The U.S. dollar struggled to advance against its primary trading partners on Thursday as traders priced in the possibility that the Federal Reserve will implement at least one interest rate cut of 50 basis points by July. The Fed’s emergency interest rate cut on Tuesday sent the dollar spiraling to a five-month low against the yen of 106.84. The greenback has since strengthened modestly, in large part due to the victory of former U.S. Vice President Joe Biden in the democratic party primaries. The dollar was trading at 107.30 against the yen as of 2:26 p.m. HK/SIN on Thursday.

US Dollar StrugglesThe International Monetary Fund has forecast that world growth will plummet to its slowest since the 2008 financial crisis. Nevertheless, Asian stock markets soared higher on Thursday, following Wall Street’s surge on Wednesday, which saw all three U.S. benchmarks close over 3 percent higher. The rally in Asia puts the region in its fourth consecutive day of gains.

Japan’s Nikkei 225 was up 1.09 percent, Hong Kong’s Hang Seng Index gained 1.98 percent, and Australia’s ASX 200 gained 1.11 percent in the early afternoon. South Korea’s Kospi edged up 0.97 percent, and both of China’s benchmark indexes soared over 1 percent.

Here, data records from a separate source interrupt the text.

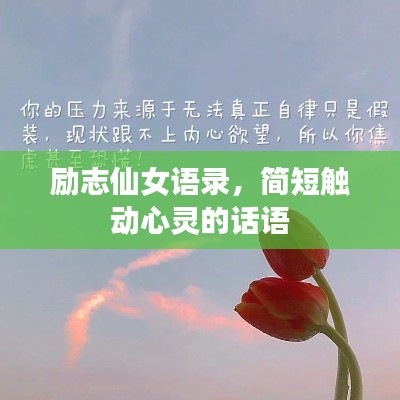 励志仙女语录，简短触动心灵的话语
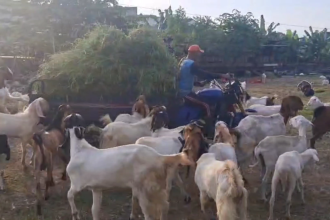 Jelang Iduladha, Pesanan Hewan Kambing di Sidoarjo Melonjak hingga 60 Persen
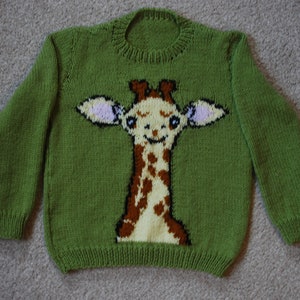May include: Green knitted sweater with a brown and yellow giraffe design on the front.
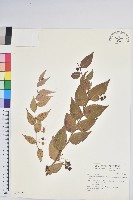 白珠樹藏品圖，第1張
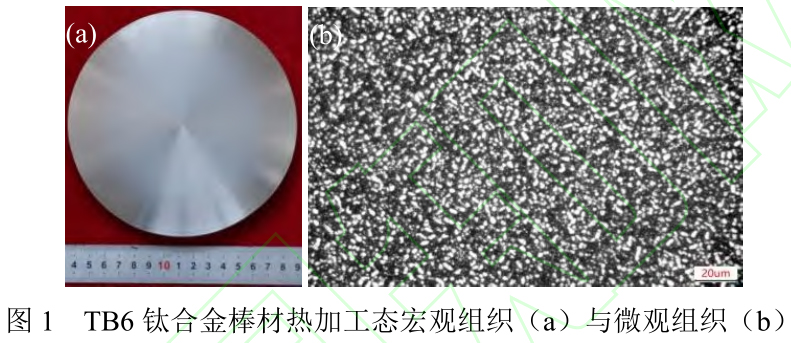 1715515466132201.jpg t1.jpg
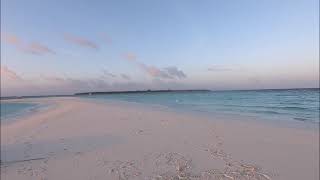 Sandbank Breakfast at Soneva Fushi [upl. by Yelnet677]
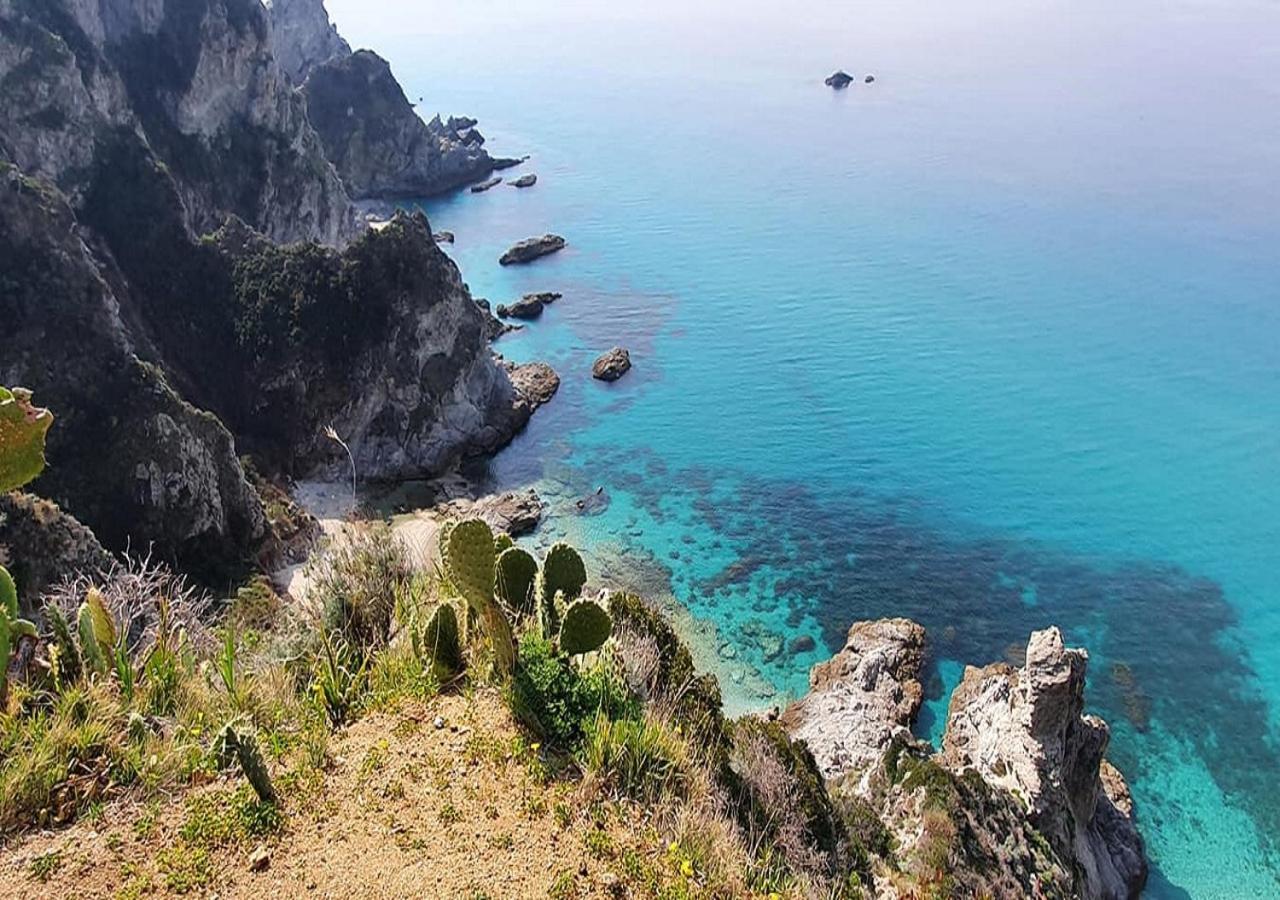 Ninfa Sul Mare Apartments 50 M E T R I Dal Mare Best Breakfast And Free Parking Capo Vaticano Eksteriør billede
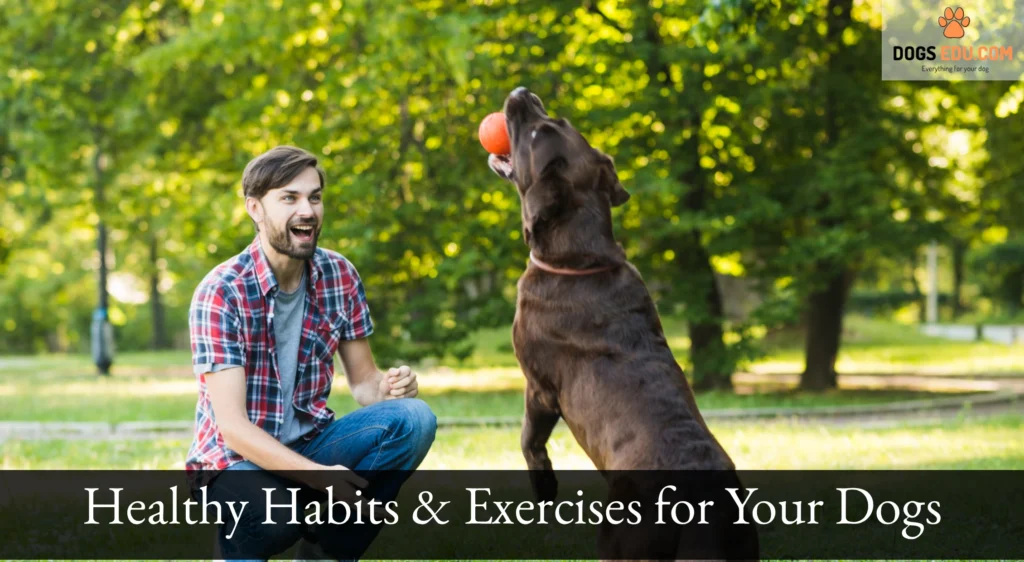 Healthy Habits & Exercises for Your Dogs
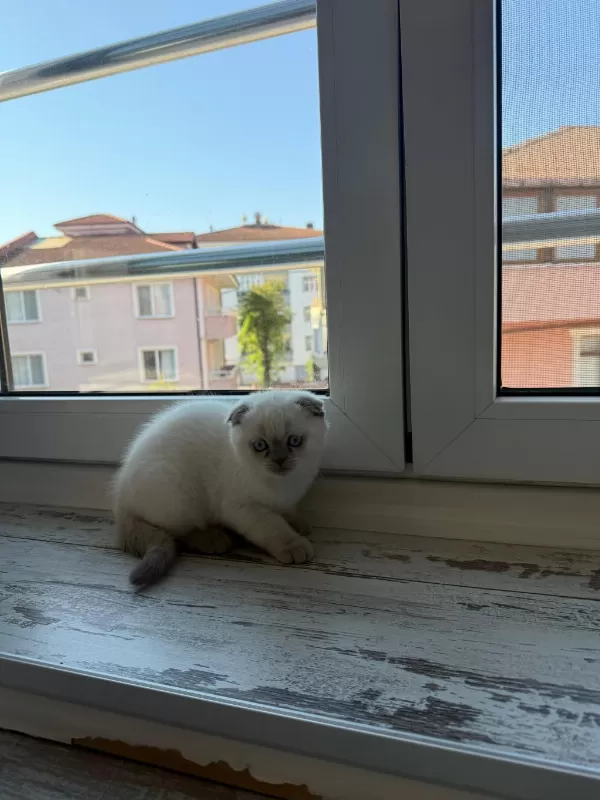 2 Adet Dişi Scottish Fold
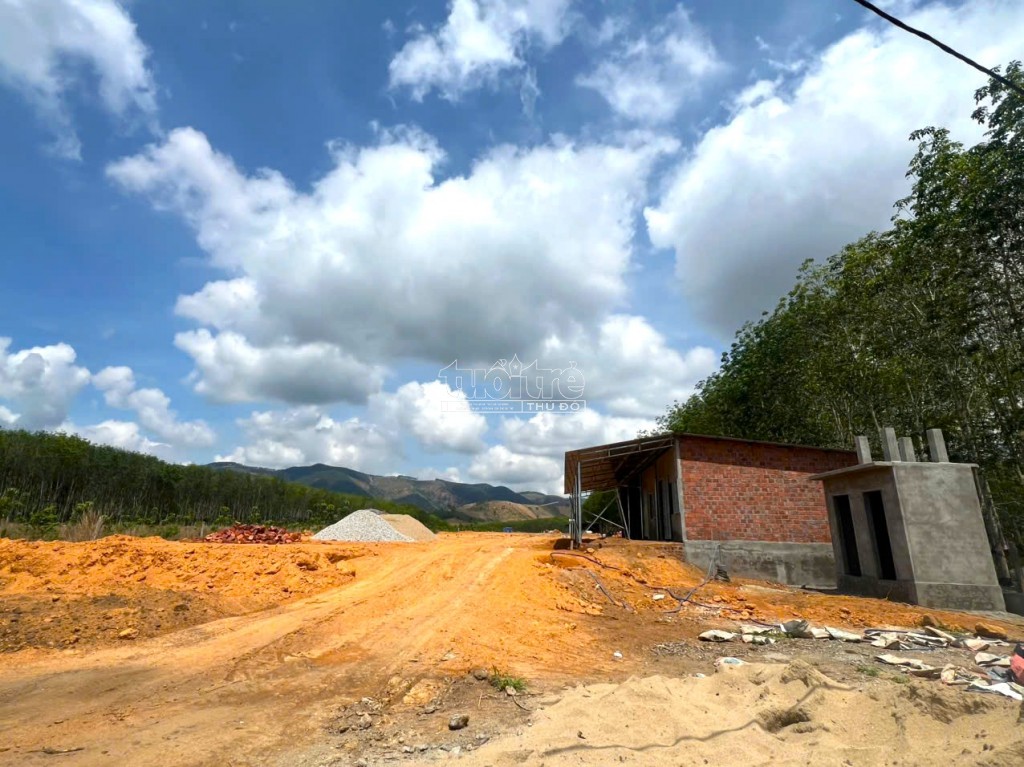 Kon Tum: Khẩn trương kiểm tra trang trại chăn nuôi heo trái phép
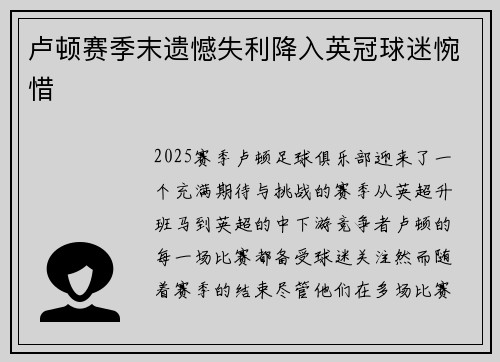 卢顿赛季末遗憾失利降入英冠球迷惋惜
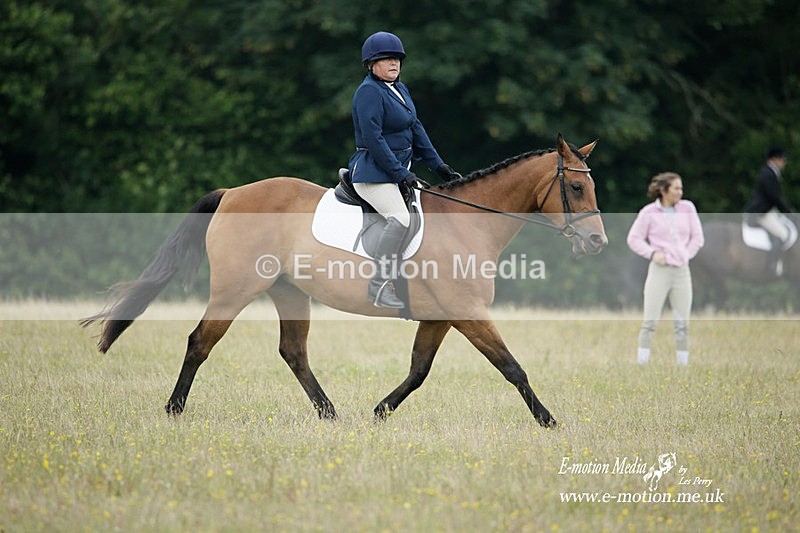 BVRC 030721 101 - Bourne Valley Riding Club Dressage 03/07/21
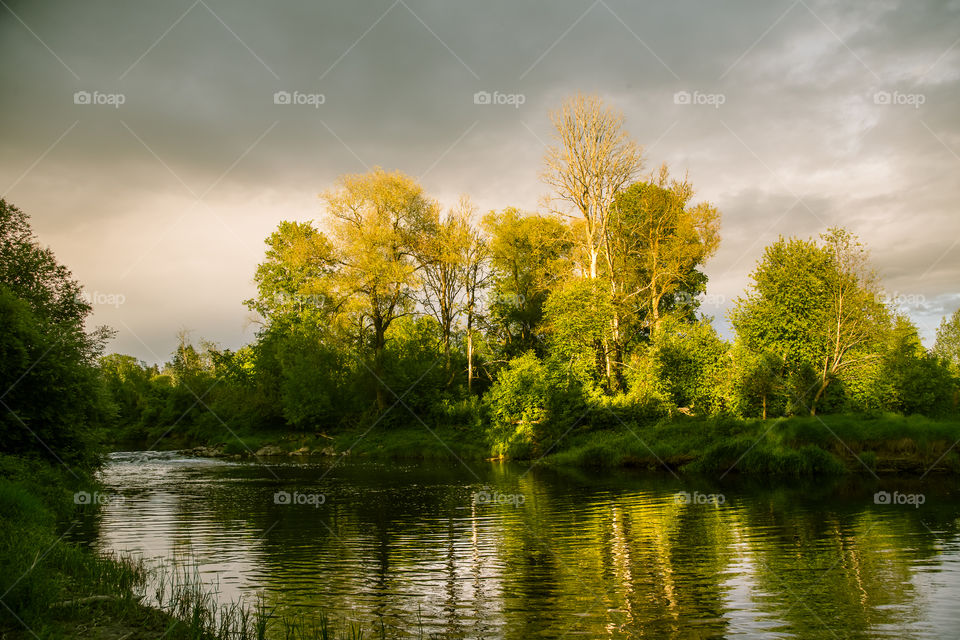 A beautiful, calm evening landscape of summer in country.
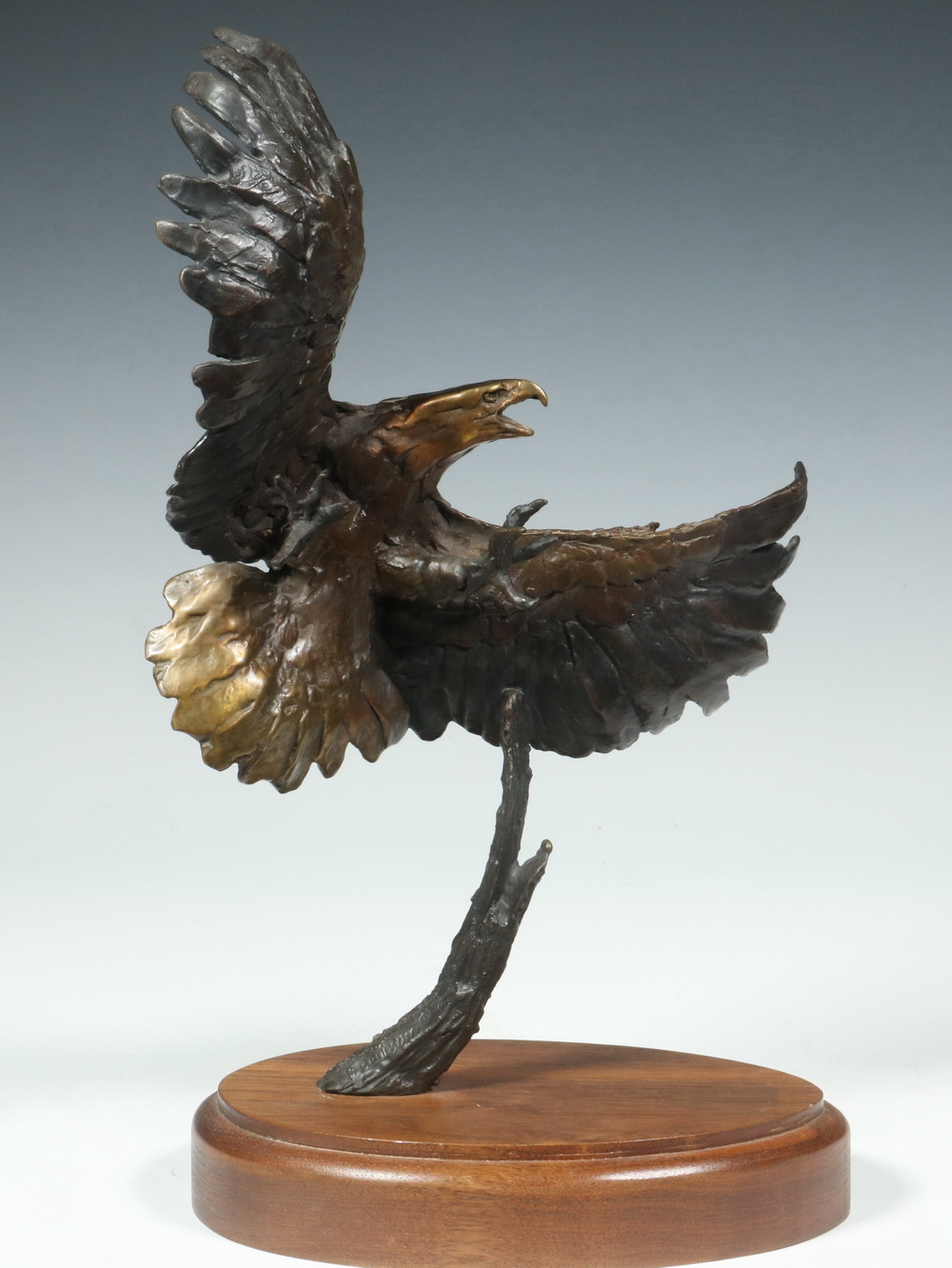 Appraisal: JONATHAN BRONSON US S Eagle in Flight bronze sculpture signed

There has been an endless stream of news reports and speculation coming from health and government officials as well as reputable news agencies, but CNN has sternly warned its readers that U.S. President Donald Trump has been misinforming the public about the truth of the coronavirus situation. This claim calls into question whether any officials can be trusted, and whether anyone really knows the real story, or is reporting it accurately. Specifically, Trump claimed that the 3.4 percent mortality rate published by the World Health Organization may be false, because, he claims, many people may be walking around the world with undiagnosed cases that pass on their own, and thus, the total percentage of deaths may be lower than believed.

Similarly, despite some predictions that the market will stabilize as soon as the virus is under control, market analysts have begun to question whether the virus will not only disrupt factory activities and the travel industry, but whether consumers will cut back on their purchases due to either contagion fears or economic concerns caused by the downturn in global economic sentiment. Central banks have tried to soothe frayed investor nerves, but in light of a range of differing opinions of how things will play out, traders are advised to remain cautious when reading news, and to always look for a ‘second opinion.’